* [Extracted records]
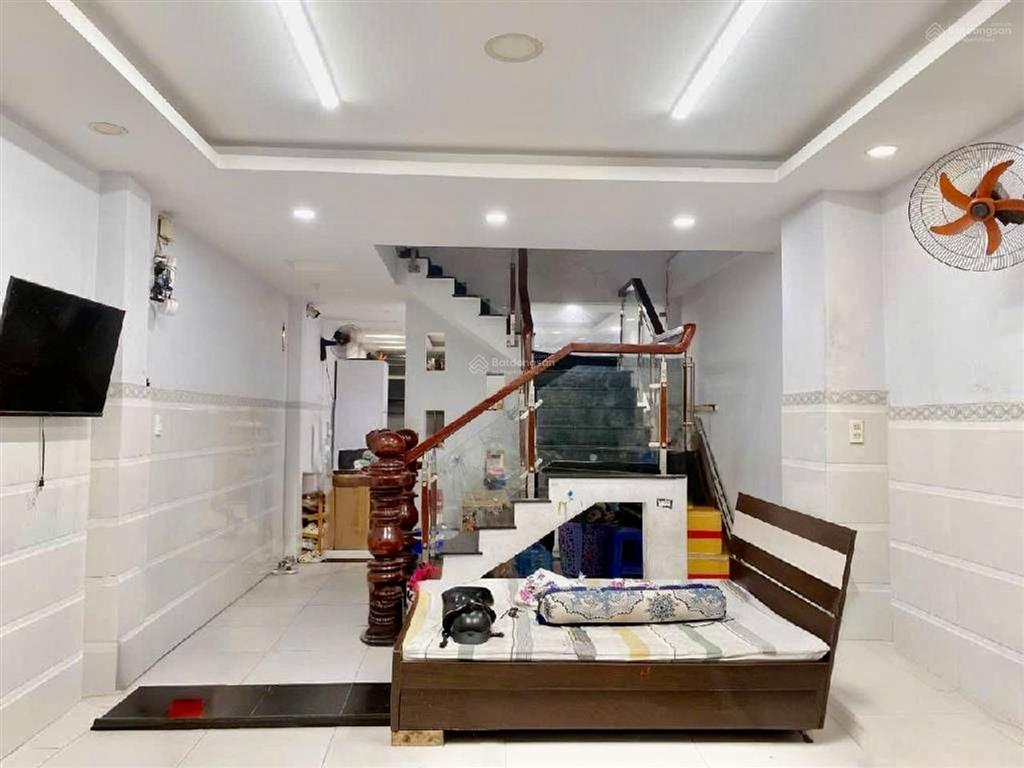 Nhà 4 tầng tân hương  hẻm 6m xe tải đổ cửa 90m2 chủ ngộp 9.x tỷ nhỏ thương lượng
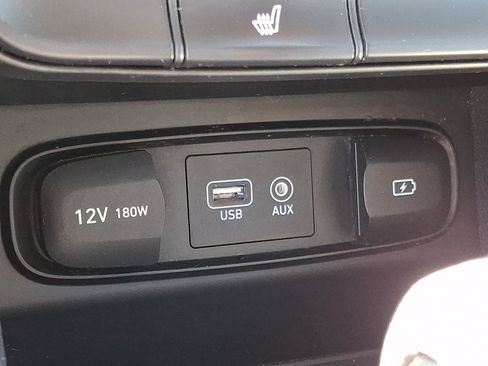 Used 2019 Hyundai Santa Fe SEL FWD image 25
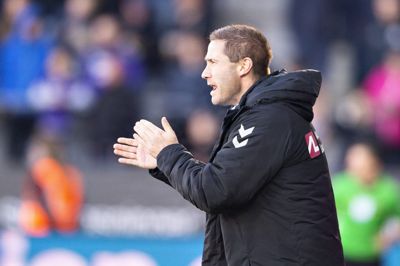 Martin Retovs Hvidovre-mandskab er fortsat ubesejret i 1. division efter sommerferien.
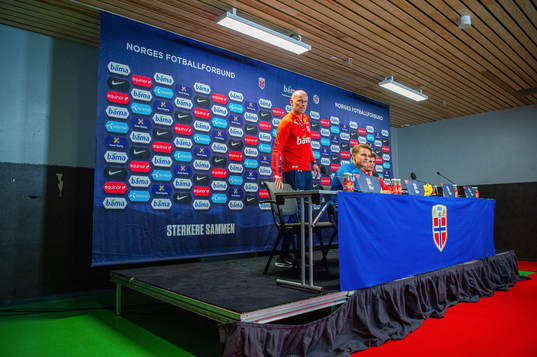 Head coach Ståle Solbakken, Martin Ødegaard and press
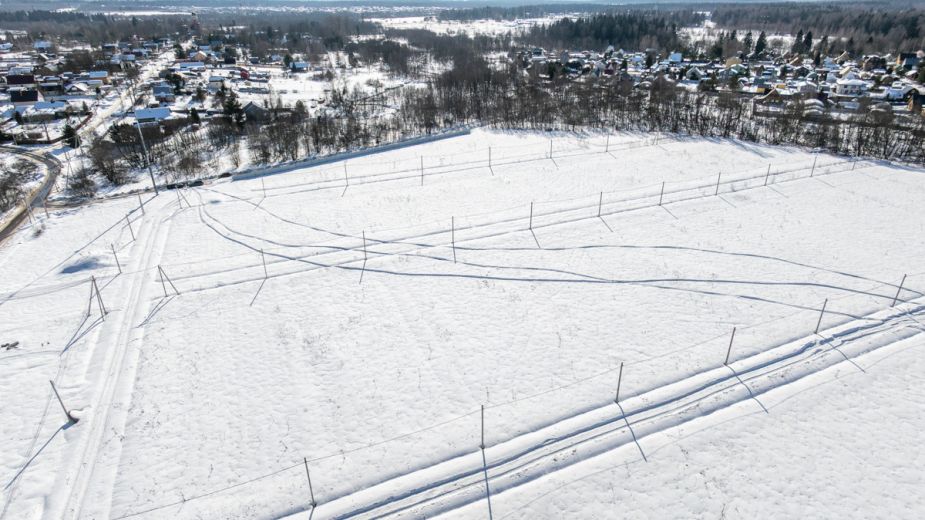 Участок в д. Холмы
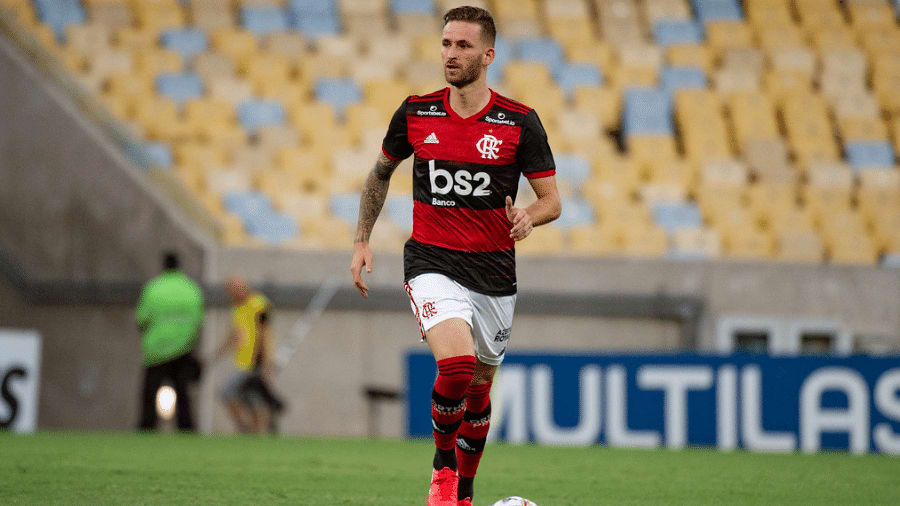 Flamengo renegocia com o Athletico-PR parcelas referentes aos direitos adquiridos de Léo Pereira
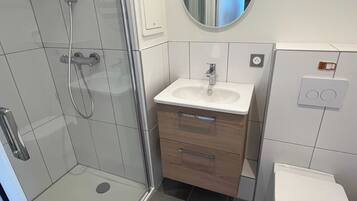 House | Bilik Mandi | Pengering rambut, tuala disediakan, syampu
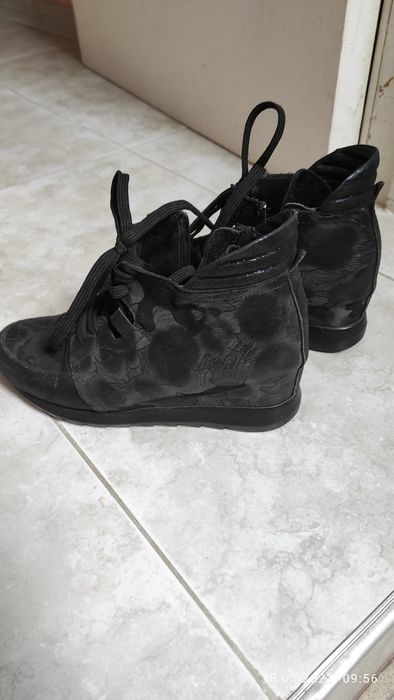 Дамски боти от естествена кожа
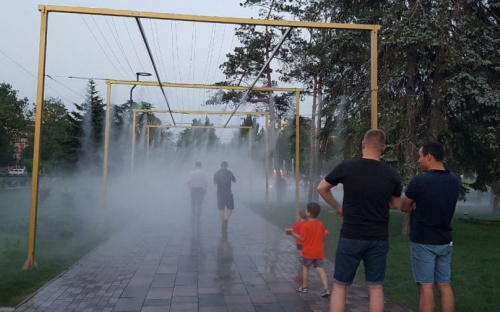 В центре Мариуполя идет искусственный дождь (ФОТОФАКТ)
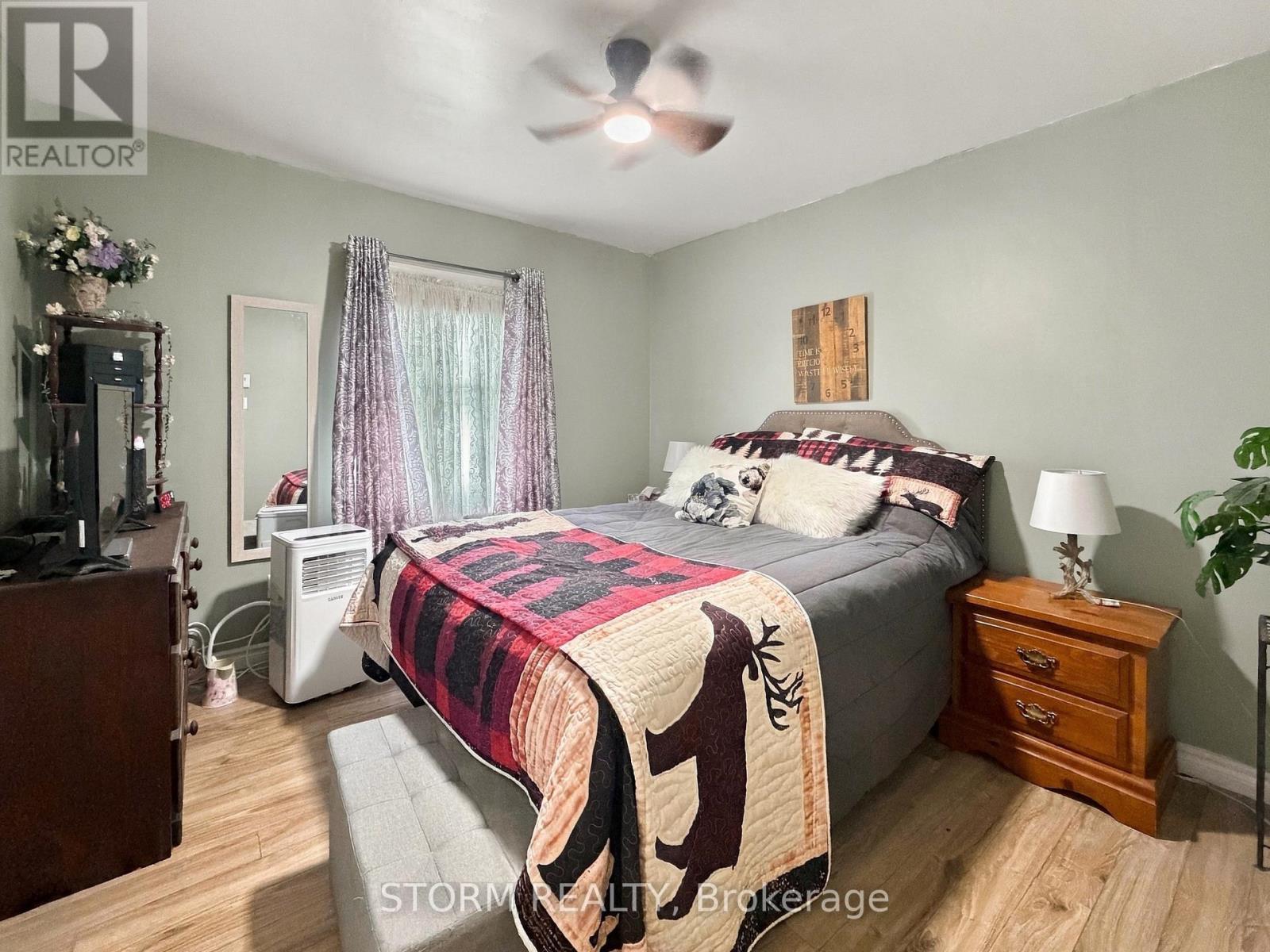 117 EMMA AVENUE - 14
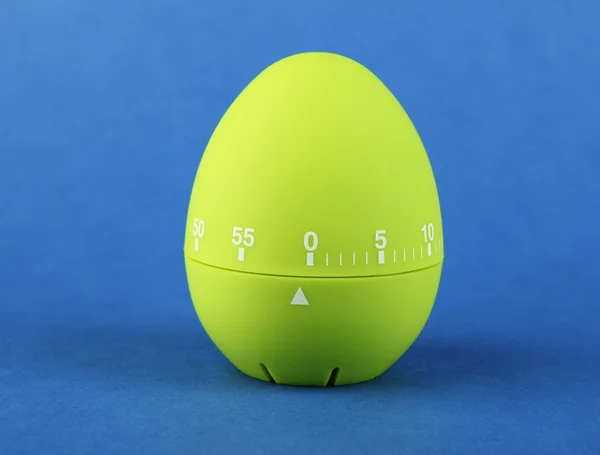 Timer uovo verde, su sfondo colore — Foto Stock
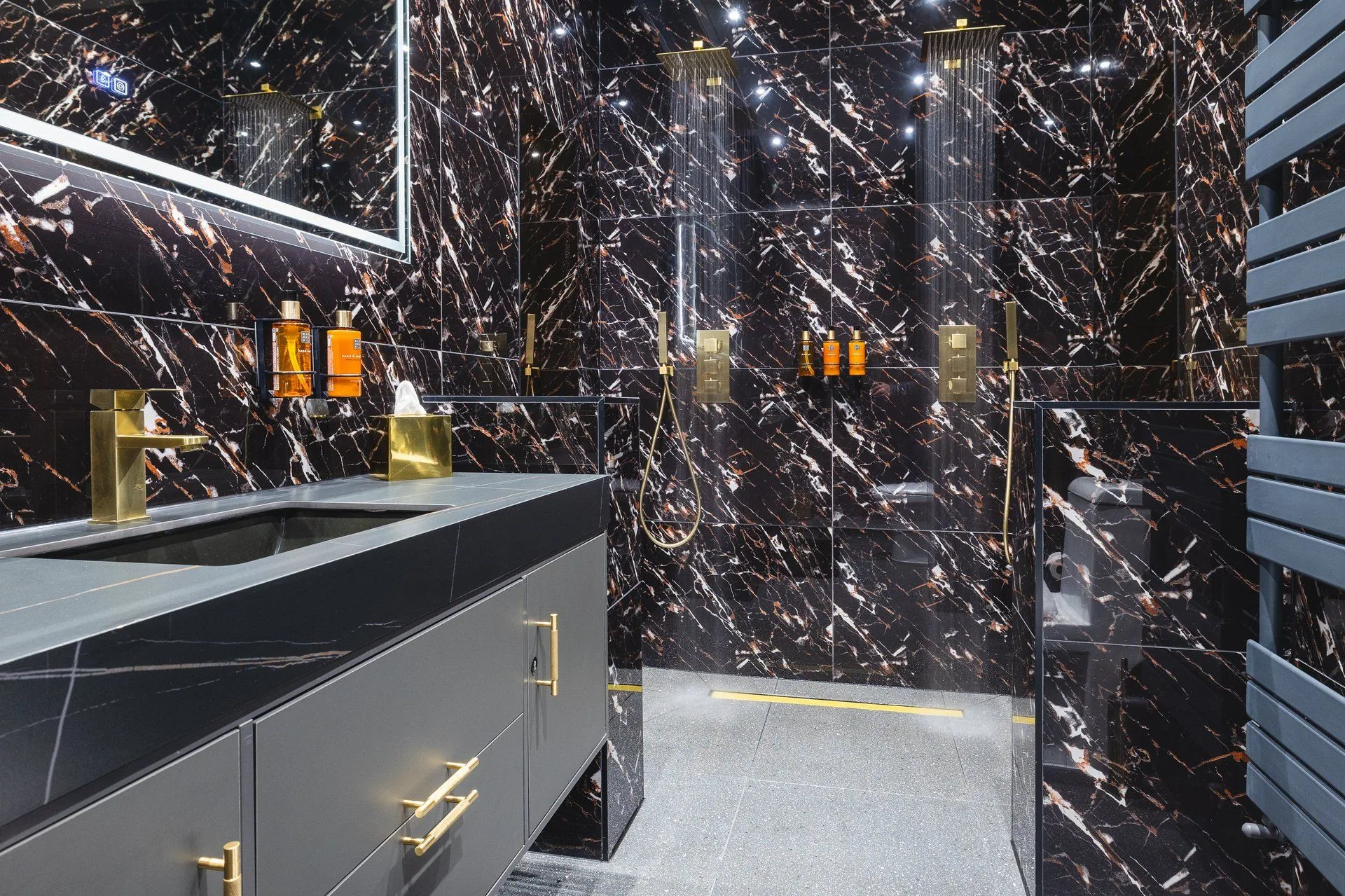THE PRIVATE LUXURY GRANGE SPA SUITE Gallery Photo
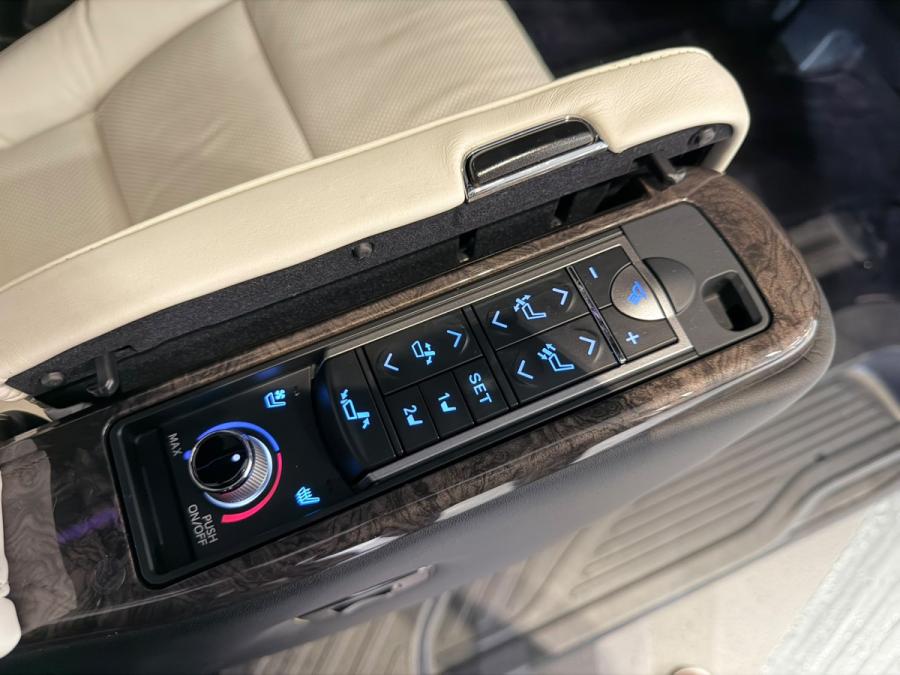 Alphard 3.5 Executive Lounge - Image 10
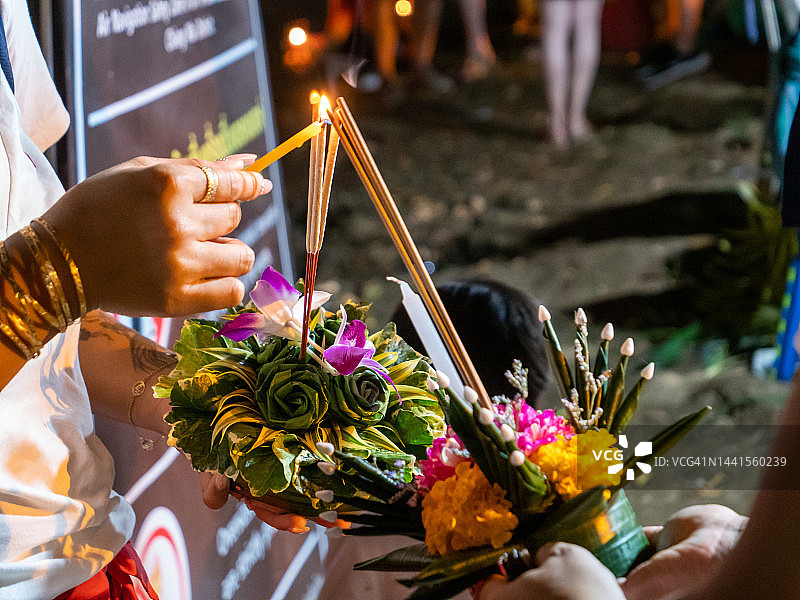 曼谷水灯节：泰式水灯花灯准备在河上航行，街道上灯光璀璨，东南亚庆祝活动和节日图片素材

* [Exercise prompt] Print exactly the lines between the line containing "Head coach Ståle" and the last line of the entries above, including both, and nothing besides; skip the pictures.

* [Response]
 Head coach Ståle Solbakken, Martin Ødegaard and press
 Участок в д. Холмы
 Flamengo renegocia com o Athletico-PR parcelas referentes aos direitos adquiridos de Léo Pereira
 House | Bilik Mandi | Pengering rambut, tuala disediakan, syampu
 Дамски боти от естествена кожа
 В центре Мариуполя идет искусственный дождь (ФОТОФАКТ)
 117 EMMA AVENUE - 14
 Timer uovo verde, su sfondo colore — Foto Stock
THE PRIVATE LUXURY GRANGE SPA SUITE Gallery Photo
 Alphard 3.5 Executive Lounge - Image 10
 曼谷水灯节：泰式水灯花灯准备在河上航行，街道上灯光璀璨，东南亚庆祝活动和节日图片素材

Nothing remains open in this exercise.